Я вспомнил, по какому поводу
Слегка увлажнена подушка.
Мне снилось, что ко мне на проводы
Шли по лесу вы друг за дружкой.
Вы шли толпою, врозь и парами,
Вдруг кто-то вспомнил, что сегодня
Шестое августа по-старому,
Преображение Господне.
Обыкновенно свет без пламени
Исходит в этот день с Фавора,
И осень, ясная, как знаменье,
К себе приковывает взоры.
И вы прошли сквозь мелкий, нищенский,
Нагой, трепещущий ольшаник
В имбирно-красный лес кладбищенский,
Горевший, как печатный пряник.
С притихшими его вершинами
Соседствовало небо важно,
И голосами петушиными
Перекликалась даль протяжно.
В лесу казенной землемершею
Стояла смерть среди погоста,
Смотря в лицо мое умершее,
Чтоб вырыть яму мне по росту.
Был всеми ощутим физически
Спокойный голос чей-то рядом.
То прежний голос мой провидческий
Звучал, не тронутый распадом:
«Прощай, лазурь преображенская
И золото второго Спаса
Смягчи последней лаской женскою
Мне горечь рокового часа.
Прощайте, годы безвременщины,
Простимся, бездне унижений
Бросающая вызов женщина!
Я — поле твоего сражения.
Прощай, размах крыла расправленный,
Полета вольное упорство,
И образ мира, в слове явленный,
И творчество, и чудотворство.
Борис Пастернак.
1953 год
Я вижу перед собой не просто стихотворение, а целый мир, дверь в который я открываю ключом даты моего рождения. Это удивительное чувство — обнаружить свое появление на свет отмеченным в вечности строкой великого поэта.

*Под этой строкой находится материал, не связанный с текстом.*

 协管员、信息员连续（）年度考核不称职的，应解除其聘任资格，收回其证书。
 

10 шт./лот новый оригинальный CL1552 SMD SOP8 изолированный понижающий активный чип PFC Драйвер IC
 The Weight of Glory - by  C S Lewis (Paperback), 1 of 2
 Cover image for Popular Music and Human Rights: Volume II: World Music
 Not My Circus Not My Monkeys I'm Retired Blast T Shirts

Я всматриваюсь в первые строфы. Солнце «как обещало, не обманывая» заливает комнату, постель, «подушку мокрую». Этот бытовой, почти физиологический образ — следа слез или пота — сразу делает высокий сюжет приземленным и до боли человеческим. И тут же возникает мост из этого утра, из этой комнаты — в сон, в память, в миф. Мне кажется, я чувствую этот переход, ведь это день, когда мир для меня только начинался, а для поэта настало время подводить какие-то итоги.
А потом является главная ось стихотворения — Преображение Господне. Шестое августа по старому стилю. Пастернак мастерски сплетает личное с вселенским, быт с бытием. Проводы, сон о друзьях, идущих проститься, — и вдруг кто-то вспоминает о празднике. И свет этого праздника, «свет без пламени», льющийся с Фавора, становится тем фильтром, через который поэт смотрит на весь мир и на свою судьбу.

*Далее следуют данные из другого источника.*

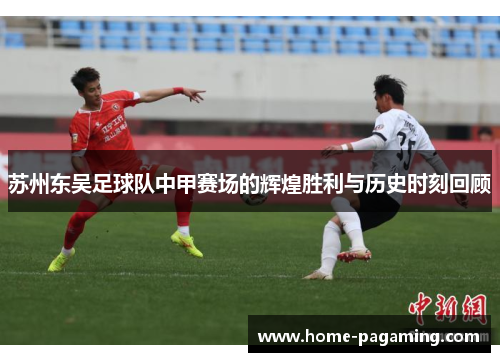 苏州东吴足球队中甲赛场的辉煌胜利与历史时刻回顾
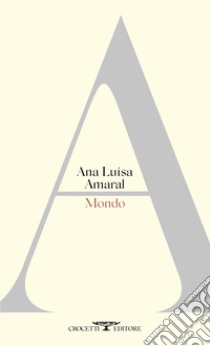 Mondo libro di Amaral Ana Luisa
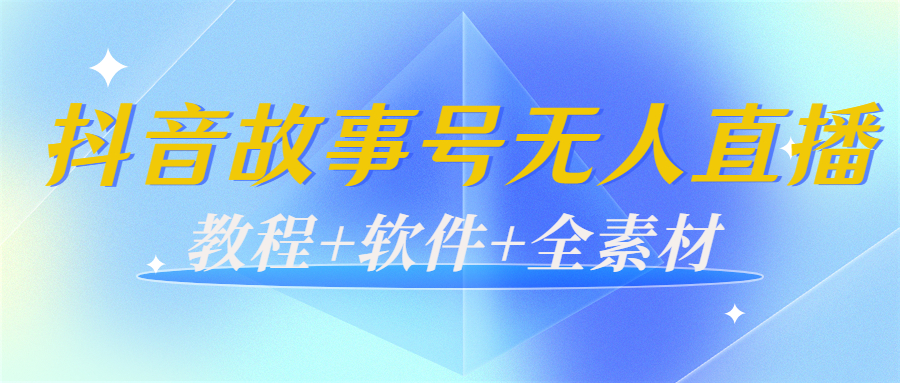 外边698的抖音故事号无人直播：6千人在线一天变现200（教程+软件+全素材）-创客云联盟
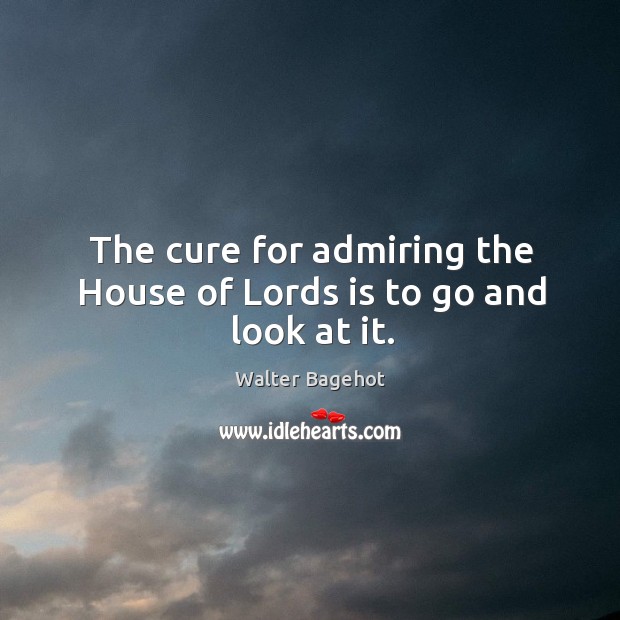 The cure for admiring the house of lords is to go and look at it. Walter Bagehot Picture Quote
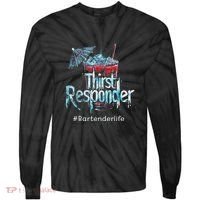 Thirst Response Responder Funny Bartender Mixologists Tie-Dye Long Sleeve Shirt thumb 0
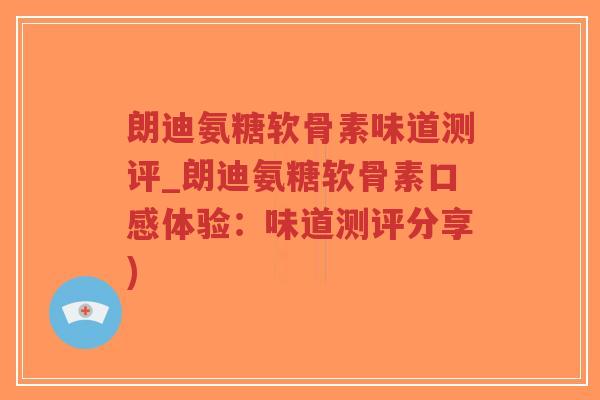 朗迪氨糖软骨素味道测评_朗迪氨糖软骨素口感体验:味道测评分享)-第1张图片-超越 朗迪氨糖软骨素味道测评_朗迪氨糖软骨素口感体验:味道测评分享)-第1张图片-超越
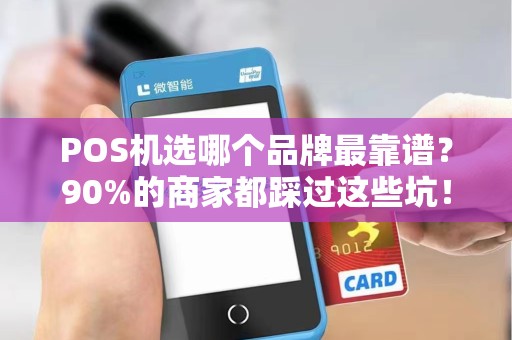 POS机选哪个品牌最靠谱？90%的商家都踩过这些坑！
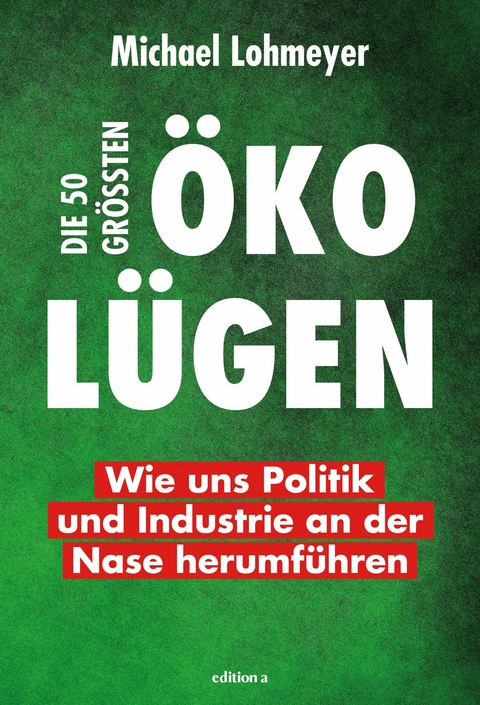 Die 50 gr&ouml;&szlig;ten &Ouml;ko-L&uuml;gen -  Michael Lohmeyer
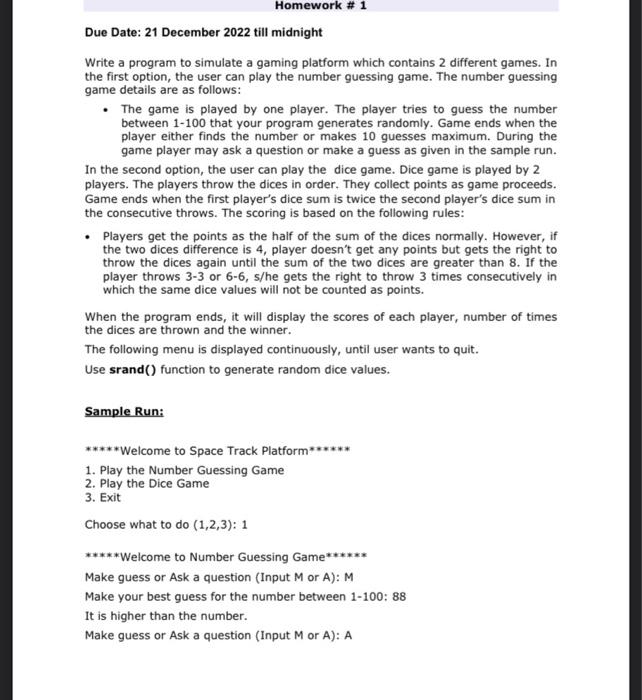 Solved Write a program to simulate a gaming platform which | Chegg.com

Мне особенно близок и страшен образ леса в этом стихотворении. Он меняется, как в калейдоскопе: сначала «соседний лес», потом «мелкий, нищенский, нагой ольшаник», а затем — «имбирно-красный лес кладбищенский, горевший, как печатный пряник». Эта поразительная метафора, где ужас смерти соединен с почти детским, пряничным уютом, создает ощущение жутковатой, священной торжественности. Это не ужас небытия, а вхождение в иную, преображенную реальность.
И в центре этого леса — она. Смерть. Не абстрактная, а совершенно конкретная: «казенная землемерша», которая стоит среди погоста и смотрит «в лицо мое умершее, чтоб вырыть яму мне по росту». В этой почти бюрократической точности — вся безжалостная неизбежность конца. Но именно здесь, в точке максимального, «физически ощутимого» ужаса, происходит чудо. Раздается «спокойный голос чей-то». И это — «прежний голос мой провидческий». Голос творца, пророка, духа, который «не тронут распадом».
Последняя часть стихотворения слышится, как завещание, как прощальная aria. Это не столько крик отчаяния, сколько торжественное приятие своей судьбы и прощание с самыми главными ценностями:
С красотой мира - «лазурь преображенская», «золото второго Спаса».
С женщиной-возлюбленной, которая стала полем битвы и воплощением достоинства перед лицом «бездны унижений».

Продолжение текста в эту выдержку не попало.